What you need to do:
Your answer must be an exact transcription of the lines from the line with "3-kamer-nieuwbouwwoning met lift" through the final line of the data.

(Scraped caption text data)
"""

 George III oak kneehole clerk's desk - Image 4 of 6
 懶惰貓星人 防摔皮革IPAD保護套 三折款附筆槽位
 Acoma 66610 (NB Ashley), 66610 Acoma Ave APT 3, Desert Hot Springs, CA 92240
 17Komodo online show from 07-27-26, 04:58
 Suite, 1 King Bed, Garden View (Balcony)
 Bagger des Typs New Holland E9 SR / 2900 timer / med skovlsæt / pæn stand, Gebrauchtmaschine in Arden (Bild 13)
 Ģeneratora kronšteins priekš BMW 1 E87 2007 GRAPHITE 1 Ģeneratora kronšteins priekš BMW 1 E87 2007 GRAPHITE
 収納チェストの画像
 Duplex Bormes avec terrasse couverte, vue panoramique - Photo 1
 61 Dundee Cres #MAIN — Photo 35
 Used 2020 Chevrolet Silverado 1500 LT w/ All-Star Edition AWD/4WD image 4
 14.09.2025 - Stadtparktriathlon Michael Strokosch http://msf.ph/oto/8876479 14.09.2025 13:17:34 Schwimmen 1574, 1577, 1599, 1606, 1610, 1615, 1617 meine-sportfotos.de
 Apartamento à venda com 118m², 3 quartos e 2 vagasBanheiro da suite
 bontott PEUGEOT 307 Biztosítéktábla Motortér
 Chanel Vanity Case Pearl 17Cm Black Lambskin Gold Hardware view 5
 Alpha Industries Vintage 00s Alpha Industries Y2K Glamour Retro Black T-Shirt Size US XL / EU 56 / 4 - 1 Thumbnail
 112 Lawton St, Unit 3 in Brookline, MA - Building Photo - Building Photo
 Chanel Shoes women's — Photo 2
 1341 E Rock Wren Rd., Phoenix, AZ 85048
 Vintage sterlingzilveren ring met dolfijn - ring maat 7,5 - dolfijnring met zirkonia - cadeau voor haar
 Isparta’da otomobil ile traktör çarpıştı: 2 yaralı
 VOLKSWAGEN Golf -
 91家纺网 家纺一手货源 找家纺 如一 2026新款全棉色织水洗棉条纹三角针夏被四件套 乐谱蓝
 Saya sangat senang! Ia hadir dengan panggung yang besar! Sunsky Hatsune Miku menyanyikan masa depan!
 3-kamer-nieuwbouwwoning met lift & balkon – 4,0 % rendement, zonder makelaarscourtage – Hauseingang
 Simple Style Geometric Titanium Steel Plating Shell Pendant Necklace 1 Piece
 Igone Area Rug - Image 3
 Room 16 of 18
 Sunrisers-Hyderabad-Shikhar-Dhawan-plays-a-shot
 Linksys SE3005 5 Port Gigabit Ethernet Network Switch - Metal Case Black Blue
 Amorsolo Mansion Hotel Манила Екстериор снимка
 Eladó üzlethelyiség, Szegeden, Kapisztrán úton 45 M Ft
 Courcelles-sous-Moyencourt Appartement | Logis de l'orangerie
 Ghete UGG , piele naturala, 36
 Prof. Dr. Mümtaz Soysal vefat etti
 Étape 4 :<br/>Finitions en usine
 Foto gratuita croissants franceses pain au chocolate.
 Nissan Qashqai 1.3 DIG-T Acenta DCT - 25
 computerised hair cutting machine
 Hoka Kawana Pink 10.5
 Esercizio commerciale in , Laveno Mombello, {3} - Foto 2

"""

Finished exercise:
 3-kamer-nieuwbouwwoning met lift & balkon – 4,0 % rendement, zonder makelaarscourtage – Hauseingang
 Simple Style Geometric Titanium Steel Plating Shell Pendant Necklace 1 Piece
 Igone Area Rug - Image 3
 Room 16 of 18
 Sunrisers-Hyderabad-Shikhar-Dhawan-plays-a-shot
 Linksys SE3005 5 Port Gigabit Ethernet Network Switch - Metal Case Black Blue
 Amorsolo Mansion Hotel Манила Екстериор снимка
 Eladó üzlethelyiség, Szegeden, Kapisztrán úton 45 M Ft
 Courcelles-sous-Moyencourt Appartement | Logis de l'orangerie
 Ghete UGG , piele naturala, 36
 Prof. Dr. Mümtaz Soysal vefat etti
 Étape 4 :<br/>Finitions en usine
 Foto gratuita croissants franceses pain au chocolate.
 Nissan Qashqai 1.3 DIG-T Acenta DCT - 25
 computerised hair cutting machine
 Hoka Kawana Pink 10.5
 Esercizio commerciale in , Laveno Mombello, {3} - Foto 2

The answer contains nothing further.